Set down the whole listing verbatim.

(INFORMATION SUPPLIED begins)

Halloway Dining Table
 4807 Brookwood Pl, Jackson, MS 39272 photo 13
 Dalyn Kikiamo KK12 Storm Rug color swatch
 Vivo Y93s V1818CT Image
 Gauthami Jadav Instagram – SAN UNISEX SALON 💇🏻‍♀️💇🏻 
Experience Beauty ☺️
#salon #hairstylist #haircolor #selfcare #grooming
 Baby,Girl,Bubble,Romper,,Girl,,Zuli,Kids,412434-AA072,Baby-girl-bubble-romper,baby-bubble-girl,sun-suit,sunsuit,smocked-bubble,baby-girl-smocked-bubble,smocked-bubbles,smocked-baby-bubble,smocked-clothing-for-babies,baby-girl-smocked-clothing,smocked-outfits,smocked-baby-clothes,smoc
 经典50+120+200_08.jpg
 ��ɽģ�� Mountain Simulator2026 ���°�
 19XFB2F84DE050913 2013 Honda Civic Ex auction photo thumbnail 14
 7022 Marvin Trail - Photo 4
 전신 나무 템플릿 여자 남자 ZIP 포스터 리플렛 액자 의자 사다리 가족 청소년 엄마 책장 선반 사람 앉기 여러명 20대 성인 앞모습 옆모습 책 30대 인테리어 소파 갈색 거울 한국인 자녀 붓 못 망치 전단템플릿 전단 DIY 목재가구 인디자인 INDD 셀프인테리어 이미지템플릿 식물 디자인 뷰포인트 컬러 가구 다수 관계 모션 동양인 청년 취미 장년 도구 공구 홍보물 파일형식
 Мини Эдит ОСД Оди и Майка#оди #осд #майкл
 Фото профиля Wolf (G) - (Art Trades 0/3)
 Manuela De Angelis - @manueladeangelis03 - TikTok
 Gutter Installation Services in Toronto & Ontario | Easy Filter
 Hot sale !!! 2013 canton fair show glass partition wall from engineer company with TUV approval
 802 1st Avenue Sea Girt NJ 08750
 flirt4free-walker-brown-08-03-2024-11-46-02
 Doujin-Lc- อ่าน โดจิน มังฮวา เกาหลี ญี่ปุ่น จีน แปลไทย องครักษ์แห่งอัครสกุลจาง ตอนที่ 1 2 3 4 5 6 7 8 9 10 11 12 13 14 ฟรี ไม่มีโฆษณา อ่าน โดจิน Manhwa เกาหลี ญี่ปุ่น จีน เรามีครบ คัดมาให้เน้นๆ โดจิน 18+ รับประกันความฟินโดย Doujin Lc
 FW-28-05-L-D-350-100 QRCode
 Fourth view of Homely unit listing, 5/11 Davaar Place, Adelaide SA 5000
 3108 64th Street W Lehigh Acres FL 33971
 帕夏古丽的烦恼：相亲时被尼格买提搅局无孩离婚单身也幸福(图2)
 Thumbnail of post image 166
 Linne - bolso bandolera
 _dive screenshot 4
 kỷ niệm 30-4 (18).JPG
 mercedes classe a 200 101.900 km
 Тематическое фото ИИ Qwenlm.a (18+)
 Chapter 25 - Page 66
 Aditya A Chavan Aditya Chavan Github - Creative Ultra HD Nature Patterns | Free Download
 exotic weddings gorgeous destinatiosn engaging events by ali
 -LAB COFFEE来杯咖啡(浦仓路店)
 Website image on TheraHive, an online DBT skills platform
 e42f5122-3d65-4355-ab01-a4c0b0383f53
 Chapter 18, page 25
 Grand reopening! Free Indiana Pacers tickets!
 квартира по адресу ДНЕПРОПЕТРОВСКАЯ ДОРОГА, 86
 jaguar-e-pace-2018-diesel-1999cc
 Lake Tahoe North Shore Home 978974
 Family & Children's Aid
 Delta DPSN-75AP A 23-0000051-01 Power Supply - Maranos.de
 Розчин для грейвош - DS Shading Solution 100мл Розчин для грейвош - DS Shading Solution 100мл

(INFORMATION SUPPLIED ends)

- WRITTEN REPLY -
Halloway Dining Table
 4807 Brookwood Pl, Jackson, MS 39272 photo 13
 Dalyn Kikiamo KK12 Storm Rug color swatch
 Vivo Y93s V1818CT Image
 Gauthami Jadav Instagram – SAN UNISEX SALON 💇🏻‍♀️💇🏻 
Experience Beauty ☺️
#salon #hairstylist #haircolor #selfcare #grooming
 Baby,Girl,Bubble,Romper,,Girl,,Zuli,Kids,412434-AA072,Baby-girl-bubble-romper,baby-bubble-girl,sun-suit,sunsuit,smocked-bubble,baby-girl-smocked-bubble,smocked-bubbles,smocked-baby-bubble,smocked-clothing-for-babies,baby-girl-smocked-clothing,smocked-outfits,smocked-baby-clothes,smoc
 经典50+120+200_08.jpg
 ��ɽģ�� Mountain Simulator2026 ���°�
 19XFB2F84DE050913 2013 Honda Civic Ex auction photo thumbnail 14
 7022 Marvin Trail - Photo 4
 전신 나무 템플릿 여자 남자 ZIP 포스터 리플렛 액자 의자 사다리 가족 청소년 엄마 책장 선반 사람 앉기 여러명 20대 성인 앞모습 옆모습 책 30대 인테리어 소파 갈색 거울 한국인 자녀 붓 못 망치 전단템플릿 전단 DIY 목재가구 인디자인 INDD 셀프인테리어 이미지템플릿 식물 디자인 뷰포인트 컬러 가구 다수 관계 모션 동양인 청년 취미 장년 도구 공구 홍보물 파일형식
 Мини Эдит ОСД Оди и Майка#оди #осд #майкл
 Фото профиля Wolf (G) - (Art Trades 0/3)
 Manuela De Angelis - @manueladeangelis03 - TikTok
 Gutter Installation Services in Toronto & Ontario | Easy Filter
 Hot sale !!! 2013 canton fair show glass partition wall from engineer company with TUV approval
 802 1st Avenue Sea Girt NJ 08750
 flirt4free-walker-brown-08-03-2024-11-46-02
 Doujin-Lc- อ่าน โดจิน มังฮวา เกาหลี ญี่ปุ่น จีน แปลไทย องครักษ์แห่งอัครสกุลจาง ตอนที่ 1 2 3 4 5 6 7 8 9 10 11 12 13 14 ฟรี ไม่มีโฆษณา อ่าน โดจิน Manhwa เกาหลี ญี่ปุ่น จีน เรามีครบ คัดมาให้เน้นๆ โดจิน 18+ รับประกันความฟินโดย Doujin Lc
 FW-28-05-L-D-350-100 QRCode
 Fourth view of Homely unit listing, 5/11 Davaar Place, Adelaide SA 5000
 3108 64th Street W Lehigh Acres FL 33971
 帕夏古丽的烦恼：相亲时被尼格买提搅局无孩离婚单身也幸福(图2)
 Thumbnail of post image 166
 Linne - bolso bandolera
 _dive screenshot 4
 kỷ niệm 30-4 (18).JPG
 mercedes classe a 200 101.900 km
 Тематическое фото ИИ Qwenlm.a (18+)
 Chapter 25 - Page 66
 Aditya A Chavan Aditya Chavan Github - Creative Ultra HD Nature Patterns | Free Download
 exotic weddings gorgeous destinatiosn engaging events by ali
 -LAB COFFEE来杯咖啡(浦仓路店)
 Website image on TheraHive, an online DBT skills platform
 e42f5122-3d65-4355-ab01-a4c0b0383f53
 Chapter 18, page 25
 Grand reopening! Free Indiana Pacers tickets!
 квартира по адресу ДНЕПРОПЕТРОВСКАЯ ДОРОГА, 86
 jaguar-e-pace-2018-diesel-1999cc
 Lake Tahoe North Shore Home 978974
 Family & Children's Aid
 Delta DPSN-75AP A 23-0000051-01 Power Supply - Maranos.de
 Розчин для грейвош - DS Shading Solution 100мл Розчин для грейвош - DS Shading Solution 100мл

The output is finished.